I should have never gone to the new girl’s house. The walls didn’t need to melt, and the ground didn’t have to disappear under my feet to know that I should have stayed far away from Violet Starkey.

Violet was weird.

She looked like one of those abducted kids who’d recently escaped from a locked basement. She was super small and skinny, all elbows and knees, and even though it’s sunny some 200 plus days a year in Oakland, California, Violet was pale as a zombie. From the state of her hair, she must have been terrified of a brush. And her clothes? They looked like they’d been bought twenty years ago, and I don’t mean they’re retro.

The strangest part was she hardly ever spoke, not even to the other losers in our class. If you asked her a direct question, she just stared at you from behind her mega-thick glasses. Even the teachers didn’t know what to do with her, and the rest of us, we ignored her. It was simply social suicide to hang out with someone like Violet.
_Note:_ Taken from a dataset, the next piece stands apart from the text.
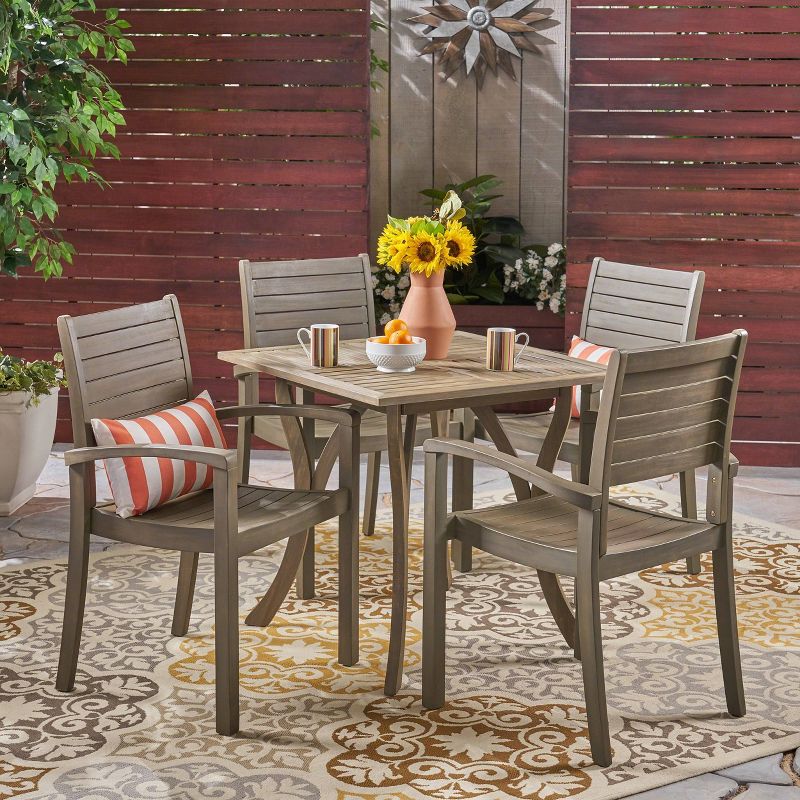 5pc Milano Dining Tan - Royal Garden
But I couldn’t stay away. My dad always says I’m like a monkey, and when I see something interesting, I have to find out more, no matter how stupid or dangerous.

I wasn’t at all interested in Violet until that day we played volleyball in gym. Ms. H did a bad job of dividing up the teams, again. Angie, that’s my used-to-be best friend, said Ms. H does it on purpose because she likes to watch the humiliation. This time, though it wasn’t a perfect mismatch. Angie and I were somehow mixed up with the weaklings on the green shirt team, and our friends, Mattie and Emily, were on the much better red shirts. In fact, five of the six girls on the red shirts played JV volleyball. The sixth was Violet.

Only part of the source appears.